We are the children our parents warned us about.

Kahlil Gibran compares the upbringing of children to an archer aiming and releasing an arrow - The Prophet on Children

You are the bows from which your children * as living arrows are sent forth.* The archer sees the mark upon the path of the infinite, *and He bends you with His might * that His arrows may go swift and far. Let your bending in the Archer’s hand be for gladness; *For even as He loves the arrow that flies, * so He loves also the bow that is stable.

**Adolescence: ** a period from the tweens (teen twilight) to young adults.

This extended phase can either be a carefree, joyous idyllic time of your life or a miserably insecure and tormented time of confusing, conflicting values, identities and choice, full of youthful angst.

**Youth **can be a tumultuous and difficult time. Sufferers inhabit a world of extended sleep-ins, misguided arrogance, impulsive behaviour – risk taking with alcopops and newly acquired driving skills. Young people’s brains are underdeveloped and addled by a cocktail of hormones. They can’t be trusted to take on tasks requiring good judgement. Or so the rhetoric goes in the all-too-regular “What’s wrong with your teen?” tabloid feature.

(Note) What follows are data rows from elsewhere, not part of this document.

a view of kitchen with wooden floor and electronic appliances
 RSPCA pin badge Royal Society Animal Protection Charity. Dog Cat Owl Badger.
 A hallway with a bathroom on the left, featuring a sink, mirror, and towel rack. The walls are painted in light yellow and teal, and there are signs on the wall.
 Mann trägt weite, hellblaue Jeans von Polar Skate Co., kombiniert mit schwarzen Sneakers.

Puberty, the name for a period of time of profound biological and chemical changes in our body, is arriving earlier - perhaps due to the food chain or other societal influences. A radical shift occurs as peers supplant family as motivators of social rewards system. Studies have demonstrated that teenagers will take more risks when performing in front of their peers and the intensity of novel experiences can never be recaptured.

While puberty arrives earlier, adult responsibilities are delayed. In primitive societies, children as young as seven are sometimes given adult tasks and responsibilities, yet in the modern world our education and apprenticeship is prolonged and may not eventuate until many years of schooling 21 +.

Problems can include: suffering from depression and anxiety in silence unaware that they are not alone in this, becoming a victim of physical, verbal or cyberbullying, pressures to indulge in binge consumption of alcohol or illicit drugs, eating disorders, as well as coming to terms with their s*xuality in an increasingly s*xualised, commercialised and commodified world.

Pre teens face many pressures toward adultification or early s*xualation either through pre-mature rites of passage, Junior Beauty contests and fashion parades. All the psychological issues, if not dealt with, can have lasting consequences.

Yet school days are supposed to be the “best days of your life” – not terribly promising.

Guy Rundle writing about the John Hughes brace of teen movies of the 80s, – Pretty in Pink, Sixteen Candles, Ferris Bueller’s Day Off and The Breakfast Club – that marked an abrupt shift not only in the genre, but in the way people thought about teenagers and their own teenager years.

In a world dominated by individualism, youth culture came under the sway of competition – there was no battle between the generations, simply a series of small skirmishes within youth, as you moved towards adulthood.

John Hughes was the first to spot that something else was happening to teenagers – that the process of becoming an adult, a self, of making one’s own persona had come to the centre of teenage life. Though Hughes’s characters fall into the sub-cultural groups that dominate American high schools, those groups are never as stable as they are in earlier eras, nor do they offer an easy answer to the questions of who one is. In The Outsiders or some such, subcultures define themselves against each other, or against adults as a whole.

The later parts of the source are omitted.